Segala aspek yang menambah bumbu kecemasan membuat Nova benar-benar panik. Ada perasaan di mana dirinya merasa tak bisa apa-apa. Hanya karena ia percaya, ia bisa tertangkap, dan jika ia tertangkap, ia tidak tahu apa yang akan terjadi berikutnya. Orang-orang bermasker gas itu mungkin akan membawanya ke Orenda, mengintrogasinya, menanyakan keberadaan Flint yang Nova sendiri sama sekali tidak ketahui. Mungkin juga mereka menanyakan keberadaan ibunya yang telah raib. Ia pasti dikira membual, punggungnya yang mempunyai banyak informasi mungkin akan dikuliti. Ia akan menjadi korban dari hal-hal yang tidak ia pahami.
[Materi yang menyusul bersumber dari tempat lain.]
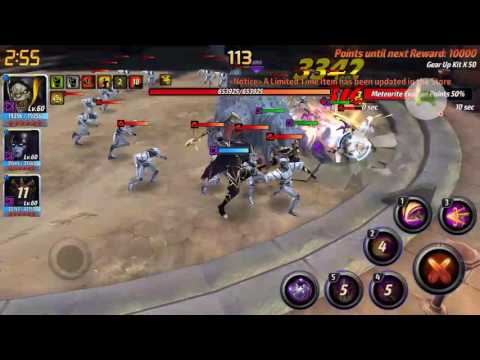 [MFF] Alliance Battle Extreme - Corvus Glaive 206k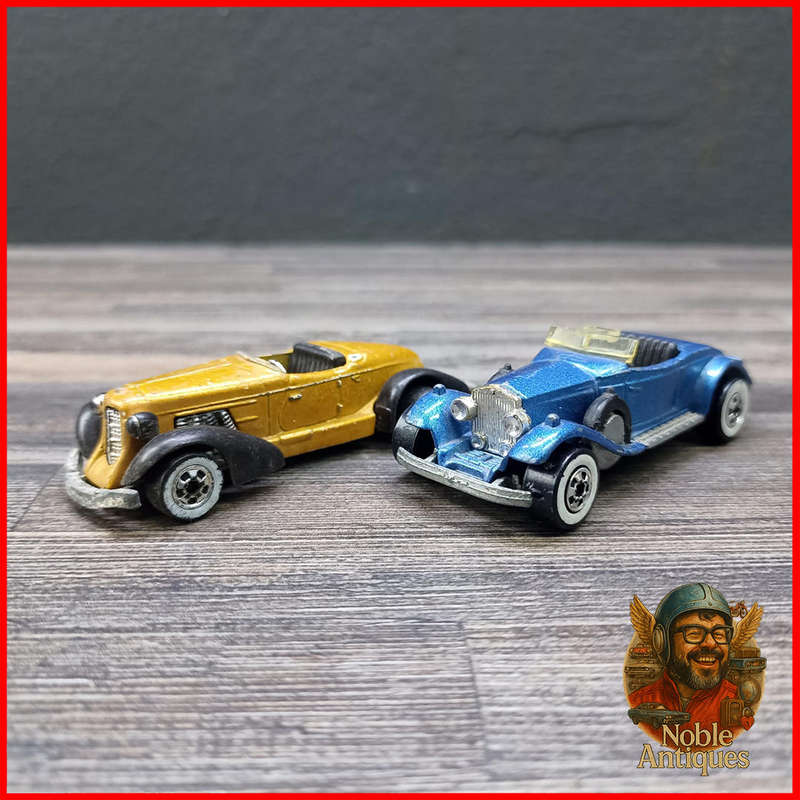 Vintage Hot Wheels Rolls-Royce Phantoms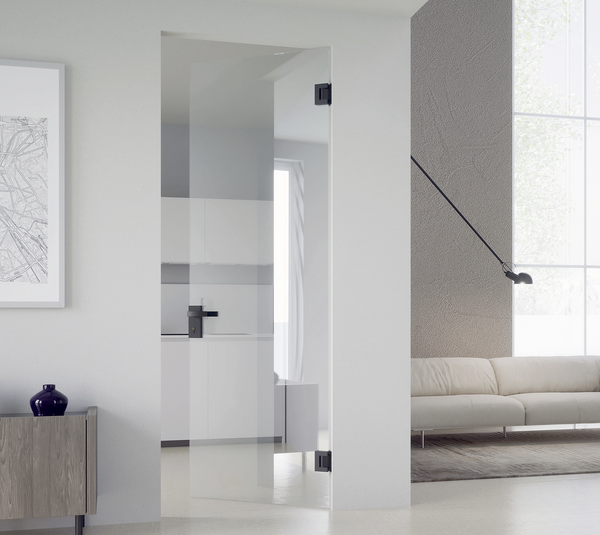 Biloba BL 8910 hydraulic swing door hinge, glass wall 90°
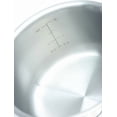 thumbnail image 5 of Cuisinox POT-416 Casserole Super Élite Couverte, 1,9 Litre, Acier Inoxydable, 5 of 5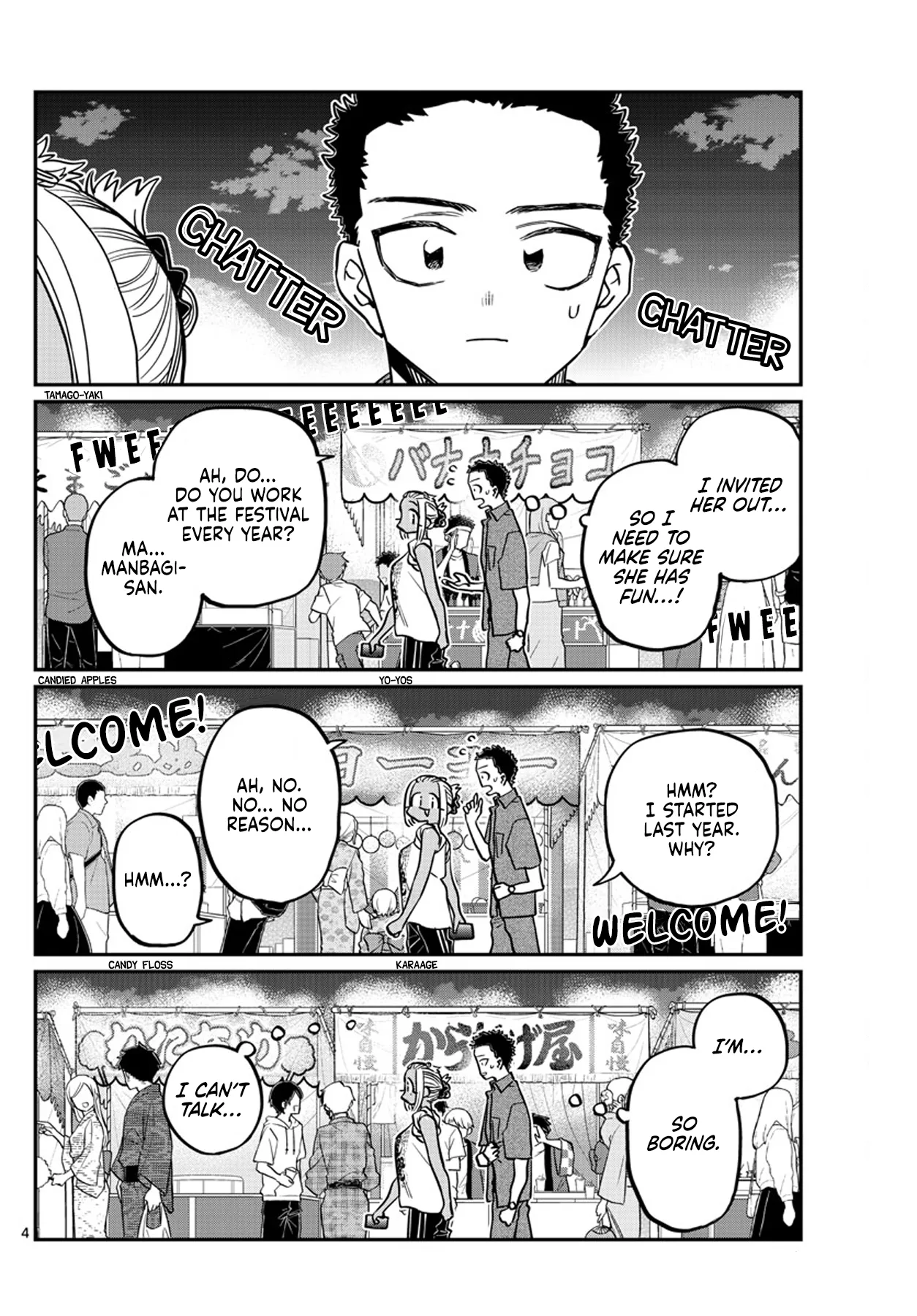 Read Komi Can't Communicate Manga Online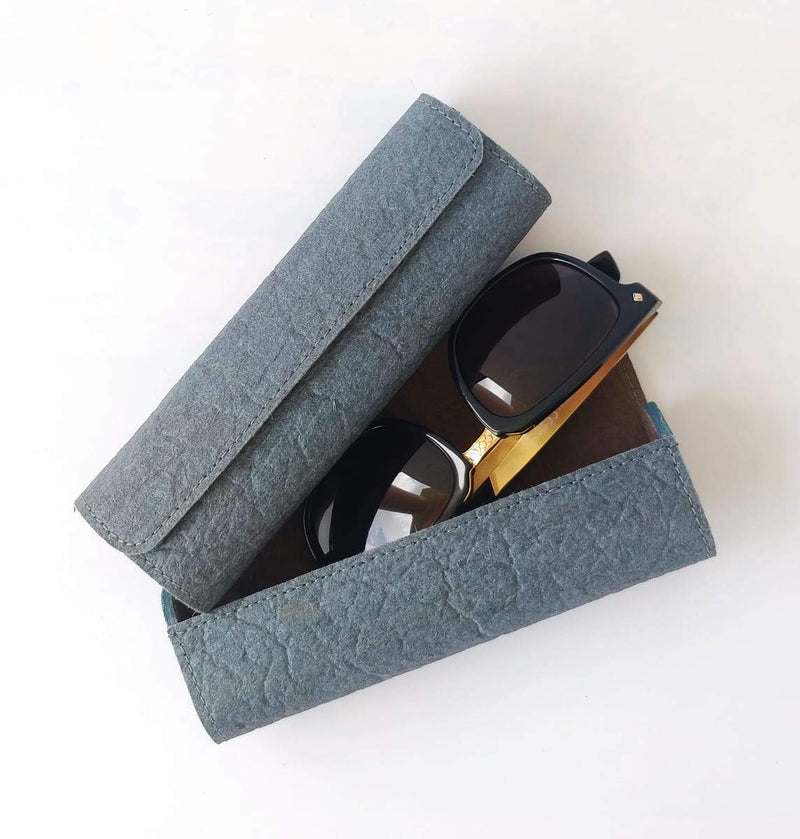 Buy Pinatex Spec Cases | Shop Verified Sustainable Mens Sunglasses on Brown Living™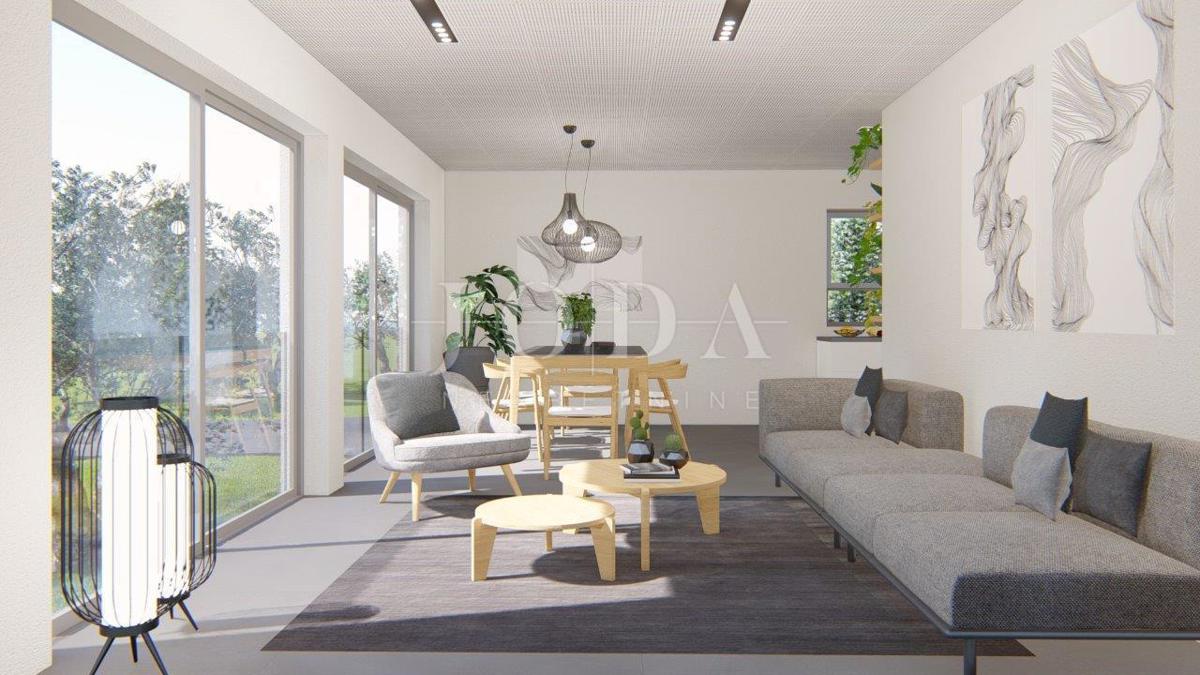 Apartma v Omišlju, pogled na Kvarnerski zaliv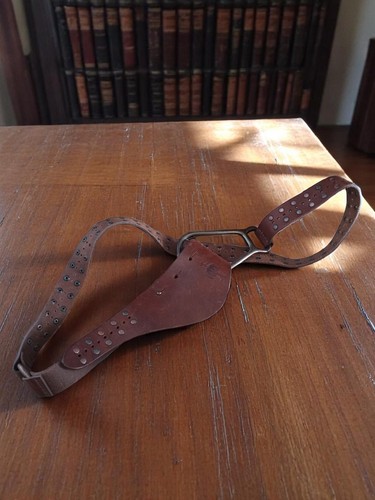 Ceinture militaire vintage - , en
Menarik napas lagi, Nova mendesis, "Turunkan aku," katanya.

"Enggak. Kita harus tetap bergerak," Luke bersikukuh memenuhi permintaan Nova "Dengan kondisimu yang seperti ini dan orang-orang sialan itu masih mengikuti kita dari belakang, kita pasti akan tertangkap."
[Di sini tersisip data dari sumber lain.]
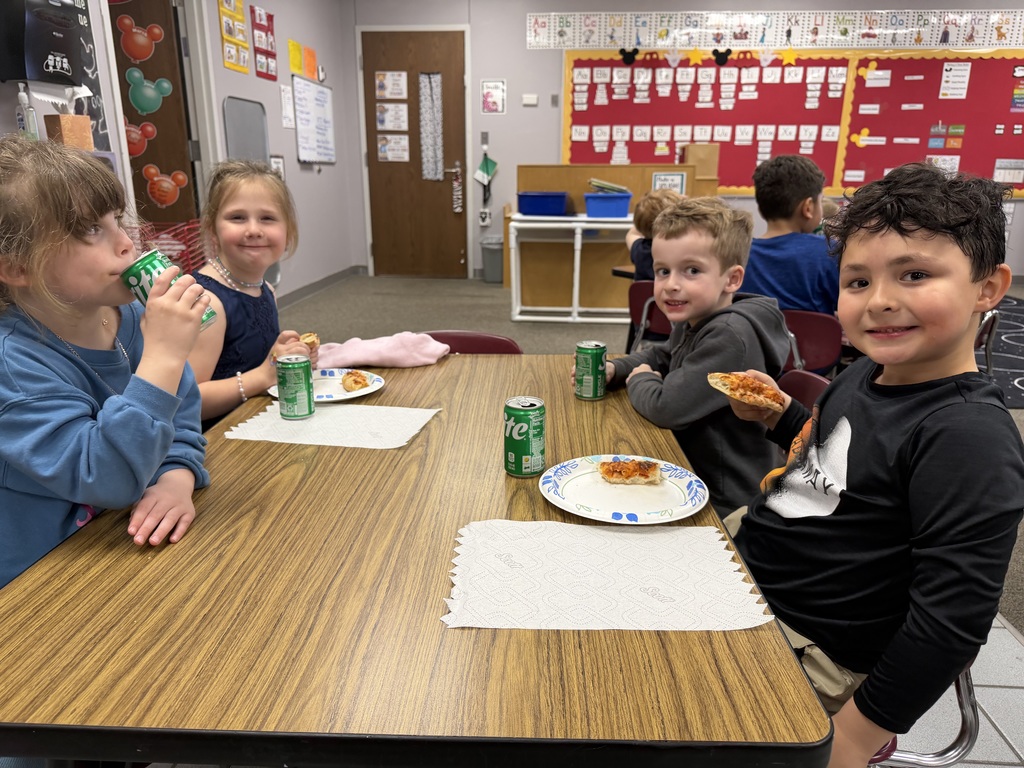 Perfect Attendance Ice Cream Party and Pizza Party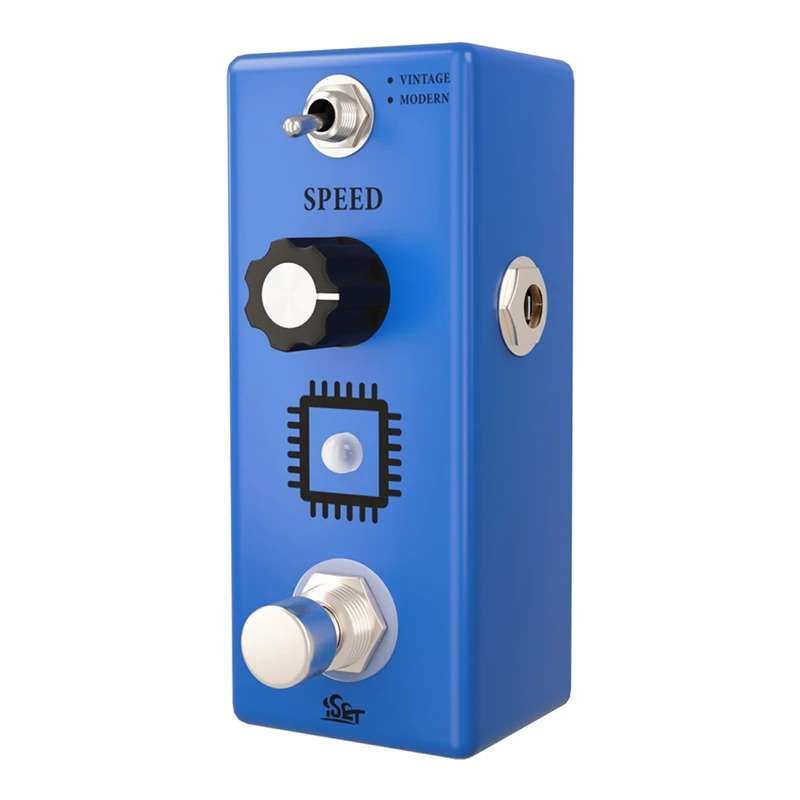 

ISET Phaser Guitar Pedal Analog Quanta Phase Effect For Electric Guitar Bass Ture Bypass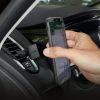 Magnētiskais automašīnas viedtālruņa turētājs gaisa atverei - melns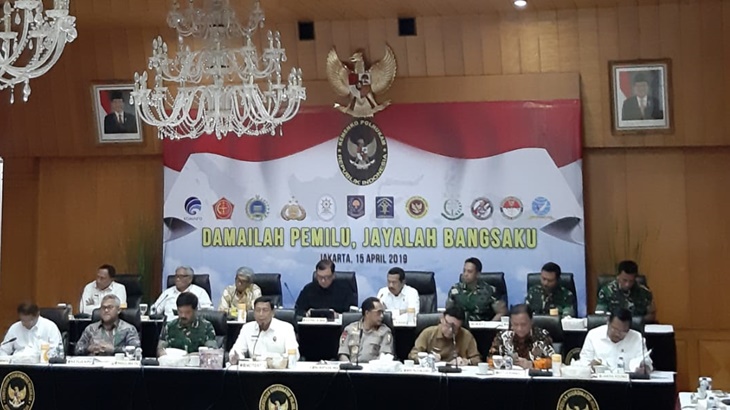 'Pesta' 2 Hari Lagi, Menkopolhukam Perintahkan Tangkap Pembuat Onar Pemilu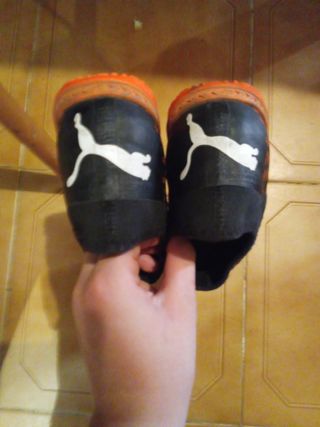 Zapatillas Puma fútbol - talla 42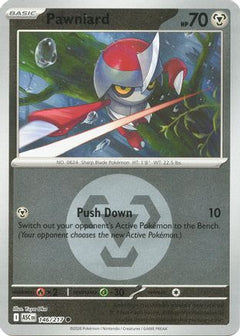 Pawniard (Energy Symbol Pattern) (146) [ME: Ascended Heroes] Reverse Holofoil-1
Tarikan napas Nova semakin dalam, semakin cepat ia ingin mengontrol emosinya lagi. Intonasi suaranya meninggi, "Turunkan aku; aku bisa jalan!" Nova mencengkram kaos yang Luke kenakan semakin erat dan napasnya tercekat.

Luke menatapnya dari atas, membopong Nova dengan kerutan di dahi. Terengah, gadis itu memukul si pria botak untuk menurunkannya, "Kumohon."
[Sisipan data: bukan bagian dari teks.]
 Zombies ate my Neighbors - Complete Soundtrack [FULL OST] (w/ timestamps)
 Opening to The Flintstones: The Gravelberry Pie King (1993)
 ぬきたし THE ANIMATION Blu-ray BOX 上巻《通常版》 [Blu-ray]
Luke menunggu, menjaga jarak dari Nova sementara gadis itu menenangkan dirinya. Nova mengangkat tangannya agar pria itu tidak terlalu dekat dengannya. Memeluk tangannya sendiri, gadis itu duduk, tak peduli apabila jaket atau pakaiannya akan kotor; memejamkan mata, menarik napas dalam-dalam. Tubuhnya bergetar lagi dan gadis itu tidak bisa berkonsentrasi untuk menghilangkan pikiran-pikirannya. Takut, kesal, dan kecewa akan dirinya sendiri; pikiran-pikiran itu kembali bersemayam dalam kepalanya.

Sentuhan di bahunya membuat Nova tersentak. Luke menatap gadis itu, tidak dengan lembut, tetapi tidak juga dengan amarah. "Mendingan?"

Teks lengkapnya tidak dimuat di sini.